Federal Court blocks Toyota employee vote on contract changes aimed at lifting productivity


The Federal Court has directed Toyota Australia to stop any action it was taking to implement changes to its Workplace Agreement, including the employee vote which was supposed to take place today.

Image credit: Flickr user nox-AM-ruit
Image credit: Flickr user nox-AM-ruit

According to the press release, the decision from Justice Bromberg supports the four employees who have filed a complaint that Toyota Australia cannot change its agreement until it expires in March 2015.

Toyota has been negotiating changes to improve its productivity in the country. The proposed changes aim to remove outdated and uncompetitive terms and conditions that make it difficult for the company to compete with its other plants around the world.

President and CEO Max Yasuda said he was disappointed with the court decision.

“We believe that we are within our rights to vary our Workplace Agreement provided the majority of our employees support the changes through a formal vote,” Mr Yasuda said.

“The company is doing everything that it can to secure the future for our employees and their families.”

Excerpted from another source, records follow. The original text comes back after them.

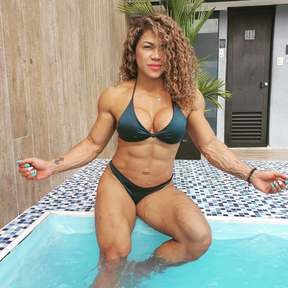ONLYFANS STAR: Professional bodybuilder Zunilda Hoyos Mendez. FACEBOOK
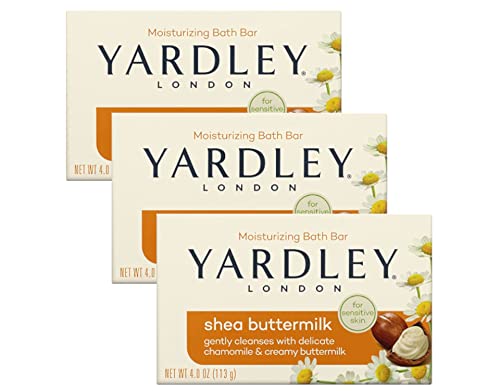 Yardley Shea Buttermilk Bath Bar 4oz 3 Pack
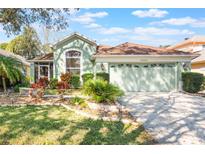 Charming single-story home with well-maintained lawn and two-car garage at 13209 Wild Duck Ct, Orlando, FL 32828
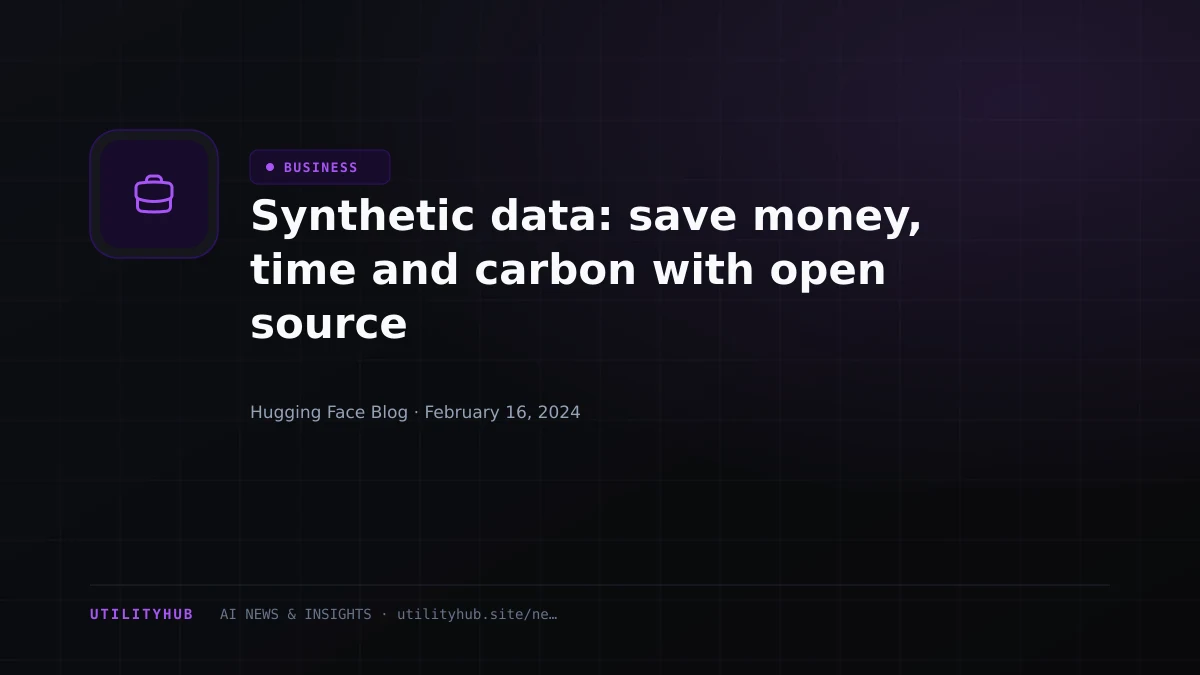 Visual reporting for Synthetic data: save money, time and carbon with open source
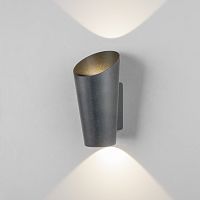Уличный настенный светодиодный светильник Elektrostandard Tronc IP54 1539 TECHNO LED серый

The ruling comes a day after General Motors announced the decision to stop Holden’s manufacturing operations in Australia, citing the strong Australian dollar, high cost of production, and a highly competitive and fragmented domestic market as the causes.

“GM Holden’s planned closure in 2017 will put our manufacturing operations and the local supplier network under unprecedented pressure, so it is now more important than ever before that we make urgent changes,” Mr Yasuda added.

“A decision will be made next year on the next generation Camry and export program and we need to take urgent action if we want to stay at the negotiating table for future investments.”

Toyota Australia is now considering its options, including whether it will appeal the decision. Media and External Affairs Manager Beck Angel they will not be giving any further comments on the issue, nor participate in any interviews regarding the matter.